Cette stratégie de prix bas s'accompagne d'investissements importants (croissance du réseau de boutiques) et d'investissements de communication lourds (17% du CA là où Bulgari est à 11%).

Les résultats économiques sont intéressants à connaitre: le CA de la marque est passé de 12,3 à 35 millions d'euros en 8 ans. Mon modèle d'analyse des évolutions de CA des marques de luxe montre que Mauboussin se situe dans la moyenne (comme Tiffany pour reprendre un autre joailler - mais faisant mieux qu' Hermès). Là où le bât blesse c'est la profitabilité de la marque: après des pertes en 2007, Mauboussin annonce un résultat net de 1% en 2008 et vise 5% en 2012. Les marques joaillères sont plutôt sur des résultats nets de 10 à 15% (Bulgari 13.8% en 2007 - Tiffany 11%). Les résultats financiers ne sont donc que le reflet de la politique de "luxe accessible" de la marque: des prix bas, des marges plus faibles que le secteur, des investissements importants.

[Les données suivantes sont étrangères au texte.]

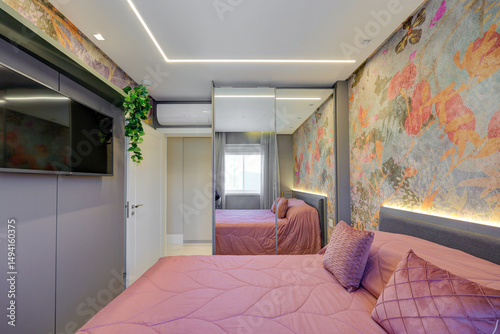 Modern bedroom and bathroom interiors with contemporary design, elegant decor, and natural light in a stylish apartment in Brazil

Une stratégie de "luxe accessible" ne fonctionne que si deux conditions sont réunies:

  1. Le volume est au rendez-vous - c'est ce que nous enseigne l'exemple de Coach (exemple de marque de "luxe accessible") qui a ainsi réussi à passer de 500 millions de dollars à plus de 3 milliards en 10 ans avec une profitabilité passée de 3% à 24%.

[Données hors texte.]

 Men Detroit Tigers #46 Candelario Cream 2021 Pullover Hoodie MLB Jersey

  2. L'image de la marque reste marquée par l'émotion, le désir, des formes de rareté permettant à des clients qui la découvrent grâce à ses prix d'entrée à "monter" dans la gamme vers des produits plus... chers. A cet égard Cartier est un exemple: la marque qui a été sauvée il y a 30 ans par la création des Must, après les avoir supprimés.. vient de les relancer en Novembre dernier. Il faut au luxe une entrée de gamme et un haut de gamme... C'est de la "tension" entre les deux que naît le désir.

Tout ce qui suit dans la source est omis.